So you're saying it's self-evident that universals refer to nothing, and yet people have debated whether they refer to something. — Marchesk
This was actually known as Moore's Paradox in the earliest analytic philosophy (not the Moore's Paradox for which Moore eventually became famous) – why do philosophers say things they
know to be false, or argue about things with which there is obviously no issue? It takes a kind of moment of forthrightness to ask this question, because if you don't, you'll just be drowned in a sea of the usual 'but it's not obvious, I think metaphysics is meaningful, etc. etc.' ad infinitum. Of course, philosophy will always have tools to pull its practitioners back into the conversation and dazzle them once again – we know the moves to make, we know the spooks to raise, we know the sentences to say, kind of like magic spells (you can see many of them in this thread). The appeal is to 'stop pretending' for a minute.

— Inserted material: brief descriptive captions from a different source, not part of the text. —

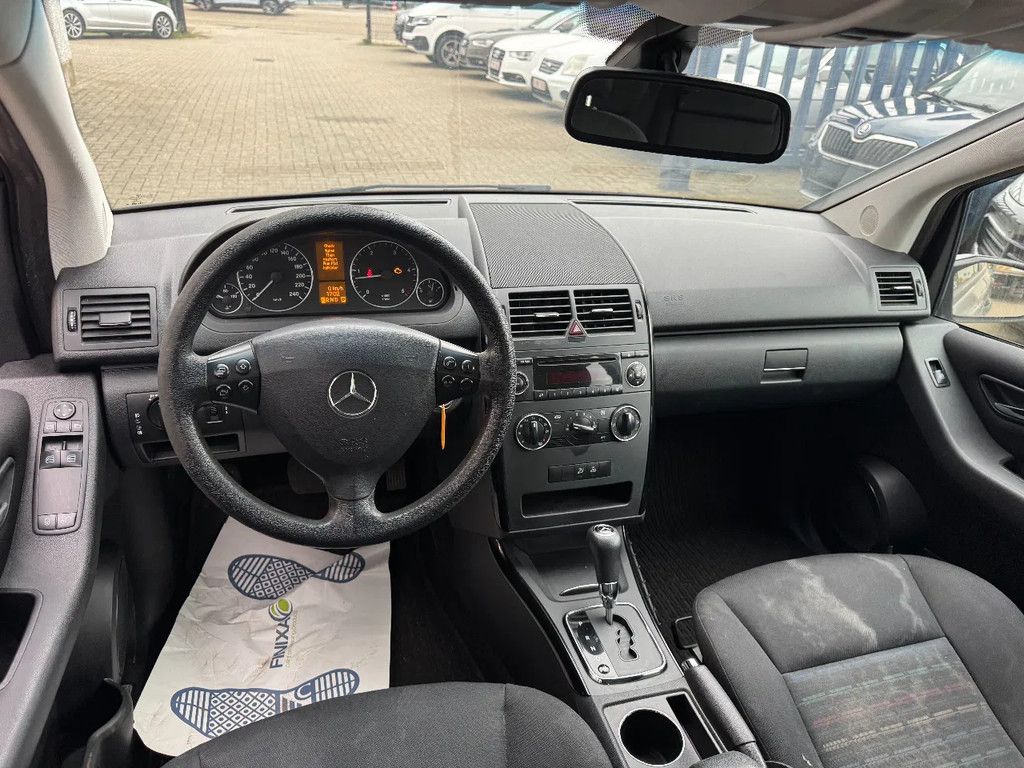 Mercedes-Benz A-klasse **A180-AUTOMAAT**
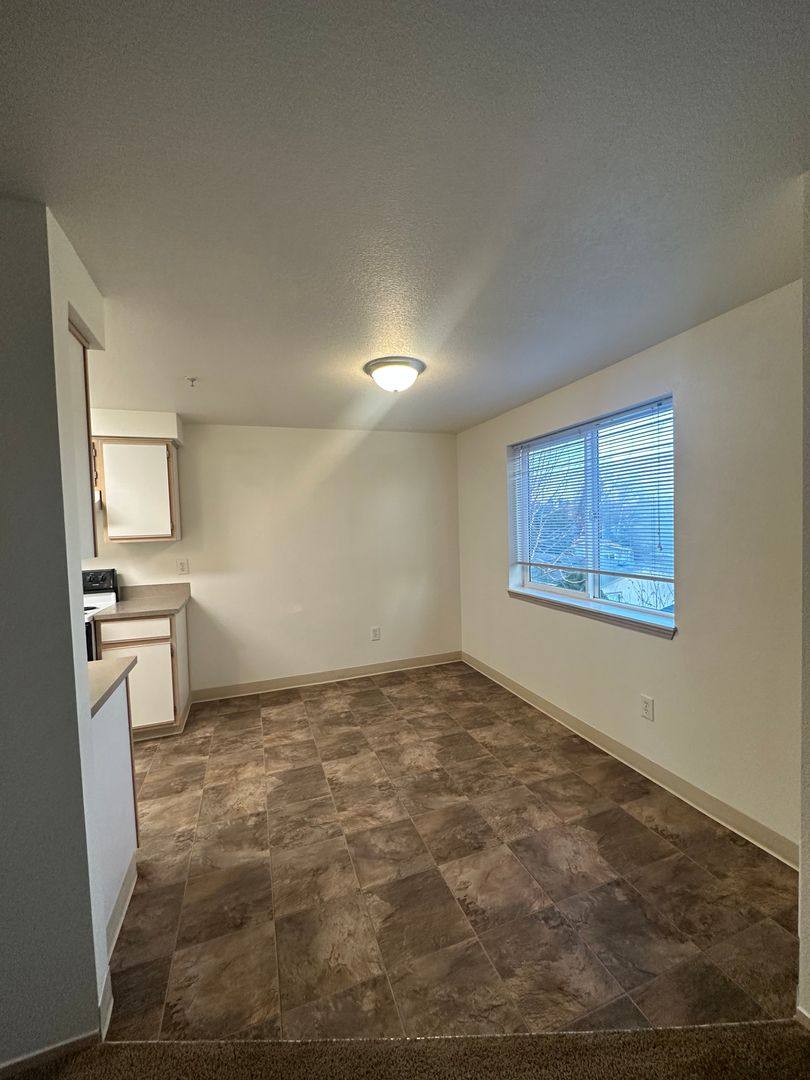 Apartment for rent at 5110 10th Ave NE, Salem, OR 97303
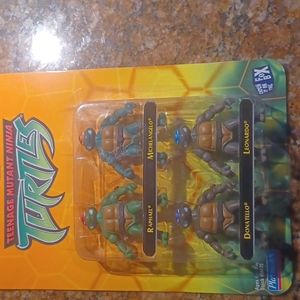 2002 original unopened 4 pak Teenage Mutant Ninja Turtles figures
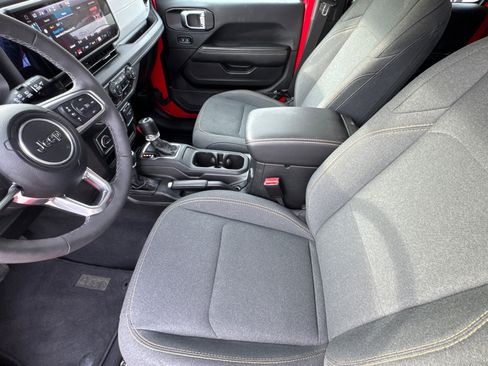 Used 2025 Jeep Wrangler Sahara image 9
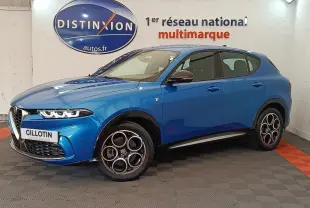Vue 3/4 avant gauche d'une Alfa Romeo Tonale 1.5T Hybrid 160 VGT bleu avec jantes distinctives à cercles entrelacés.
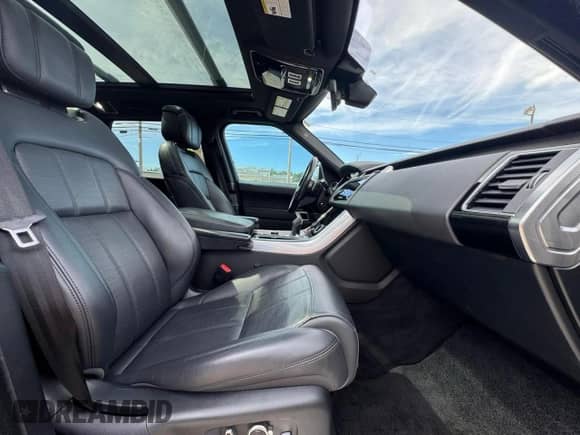 2019 Land Rover Range Rover Sport HSE Dynamic z VIN SALWV2SV9KA422192, wystawiony jako Copart lot #86595135 z przebiegiem 137 554 mil mil oraz Czysty tytuł • Clean title. Historia ofert i sprzedaży dostępna na DreamBid. Obrazek 5.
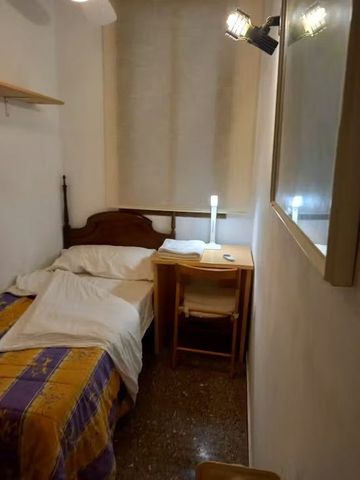 Carrer de Puiggarí, Barcelona, Catalonia 08014 - Photo 2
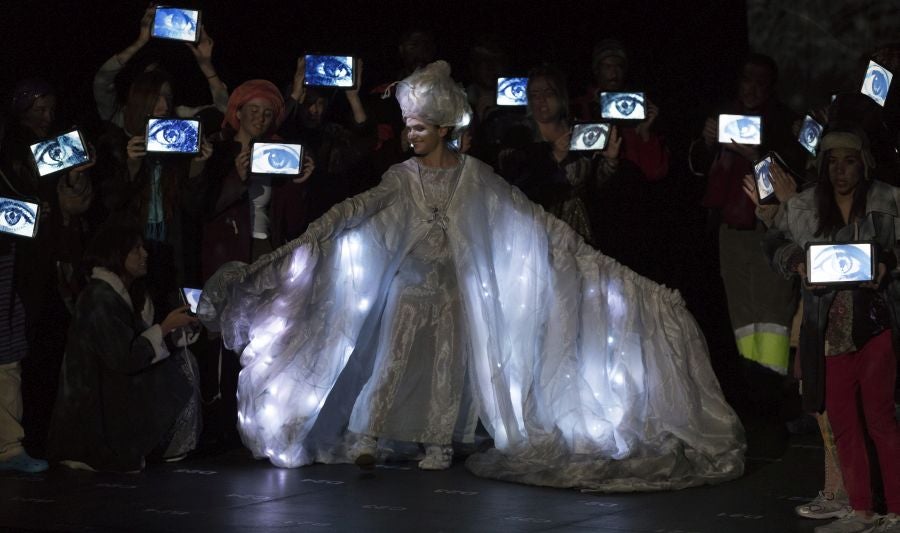 Ensayo general de La Fura dels Baus junto a la Orquesta Sinfónica de Bilbao este miércoles en el Kursaal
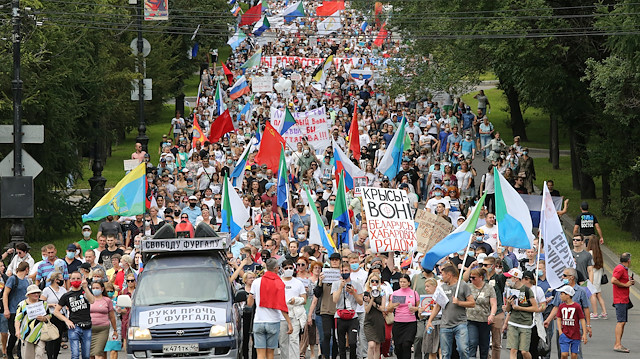 People take part in an anti-Kremlin rally in support of former regional governor Sergei Furgal arrested on murder charges in the far eastern city of Khabarovsk, Russia August 22, 2020.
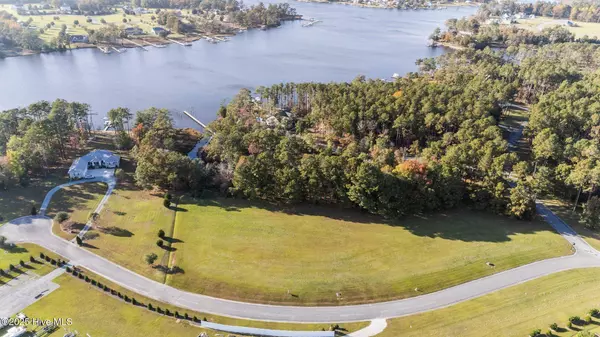 572 Dawson Creek BLVD, Oriental, NC 28571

Yes, we're all pretending, and we know if we think for even a moment – even our friend Wayfarer knows why he really does this, and he gives his reasons here:
My interest is not in bashing metaphysics for the umpteenth time, or trying to 'refute' the same tired old criticisms of positivism or 'verificationism' for the umpteenth time. My interest is in asking why we do all this. Wayfarer's revealed reasons seem to be mistaken, and not even coherent if thought about for a bit – but there we have those fears, that there are two 'worldviews' locked in mortal combat, and if his loses, well then, we're all just a bunch of fucking beasts...so maybe if I squint hard enough and argue hard enough, and argue enough that nothing a monkey or crow or elephant does is
really (thinking / feeling / reasoning etc.), then I'll make sure we're not beasts, and civilization won't collapse, etc. This is evidently just the sort of thing Lazerowitz meant – and of course, it's silly! It's wrong in its presuppositions, about there existing two such opposed worldviews, and it's wrong in its particulars, as to the link between believing things medieval theologians have said and our own purported dignity. But it's not silly to us when we engage. And quotations by Niels Bohr, even when irrelevant to the conversation, can come to seem like magic talismans to ward off evil.